One of the songs he played that day was “The Captain And The Dreamer”. It’s the type of song that bears repeated listening, one you can become obsessed with, because it is the rare, perfect song. Guitar and piano back Budwig’s singing. In it he describes the contrast in the abilities of the wayfarer. A sailor may grasp the complex physics of mass, the galactic interplay of the moon, the tides, and how to bend them into a voyage home, but all the navigational skill in the world is no defense against innate primacy of the need to wander, or as Bart sings, being “lost at shore, and lost at sea”.
For all the intensity in Bart’s music he never loses his sense of humor. The brightest moments on the album come from a transcendent Rolling Stones “Beast Of Burden” inspired track “Rolling Stoned”, in which he ponders if he is, in fact, bad enough, rich enough, good enough. The answer is, of course, not, but he also humorously notes that if any of us were that good, then aren’t we better off with...something better? On “Sock Song” the dynamics of intimate relationships boil down to one sock’s tendency to wander from its destined partner as soon as it hits the dryer. His musical similarities to spiritual seekers Van Morrison and Nick Drake are undeniable now, but he’s not lost on the path as them, he’s grounded, infectiously grateful. Bart’s mastery of dramatic irony turns his work with complex emotional states of being into comforting, uplifting, relatable music.

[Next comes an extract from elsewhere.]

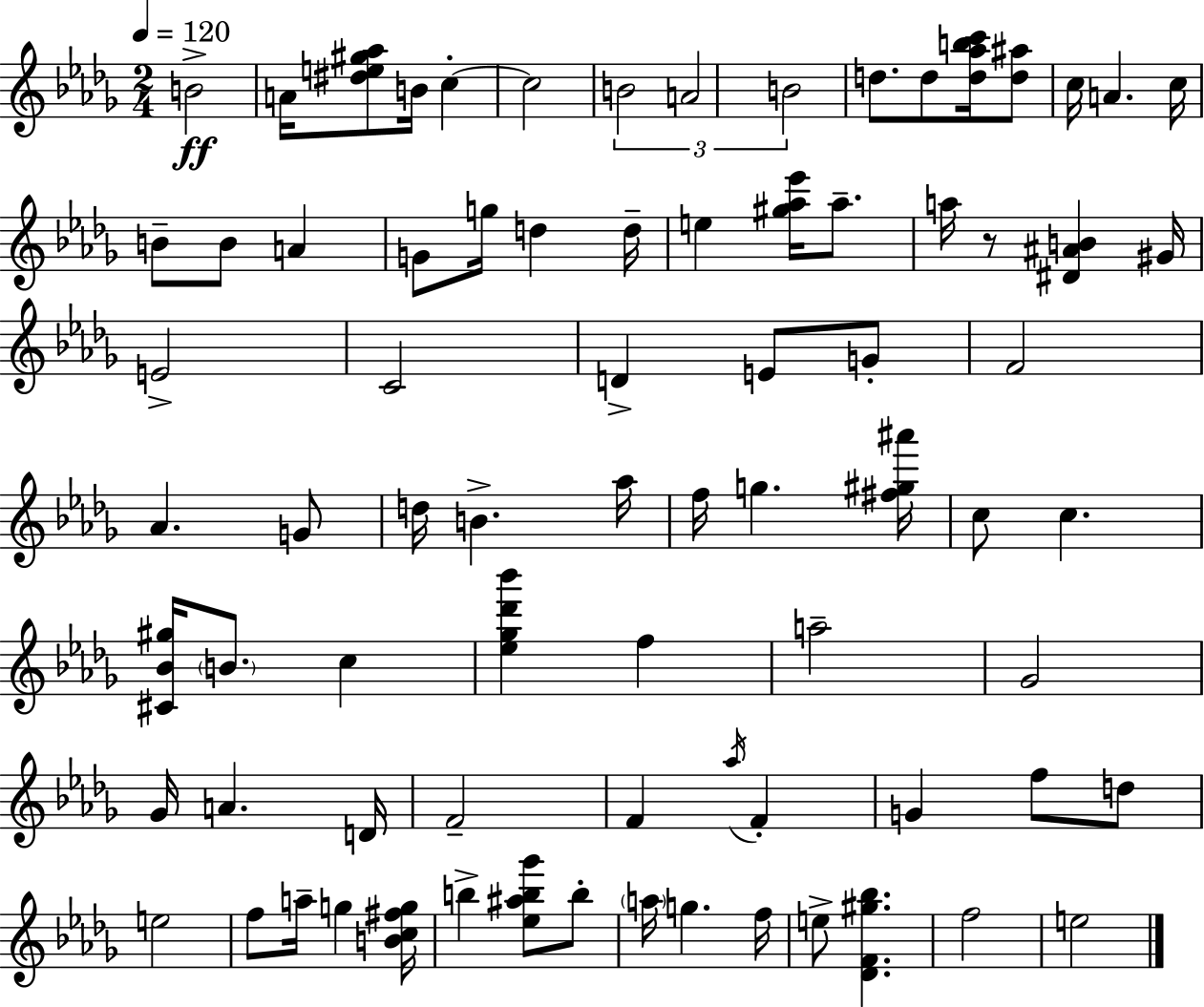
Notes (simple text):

B4/h A4/s [D#5,E5,G#5,Ab5]/e B4/s C5/q C5/h B4/h A4/h B4/h D5/e. D5/e [D5,Ab5,B5,C6]/s [D5,A#5]/e C5/s A4/q. C5/s B4/e B4/e A4/q G4/e G5/s D5/q D5/s E5/q [G#5,Ab5,Eb6]/s Ab5/e. A5/s R/e [D#4,A#4,B4]/q G#4/s E4/h C4/h D4/q E4/e G4/e F4/h Ab4/q. G4/e D5/s B4/q. Ab5/s F5/s G5/q. [F#5,G#5,A#6]/s C5/e C5/q. [C#4,Bb4,G#5]/s B4/e. C5/q [Eb5,Gb5,Db6,Bb6]/q F5/q A5/h Gb4/h Gb4/s A4/q. D4/s F4/h F4/q Ab5/s F4/q G4/q F5/e D5/e E5/h F5/e A5/s G5/q [B4,C5,F#5,G5]/s B5/q [Eb5,A#5,B5,Gb6]/e B5/e A5/s G5/q. F5/s E5/e [Db4,F4,G#5,Bb5]/q. F5/h E5/h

It’s this ability to combine tragedy and comedy in his humanist hallelujahs that makes Budwig a gravitational force and industry chimera. The studio general, the clown prince, the sensitive songwriter with a rugged voice. The soul singer with a cosmic country band. The creator of a folk universe drawing musicians from everywhere to the middle of nowhere. It’s this juxtaposition that makes Another Burn On The Astroturf another success for Bart Budwig, and a must listen for you.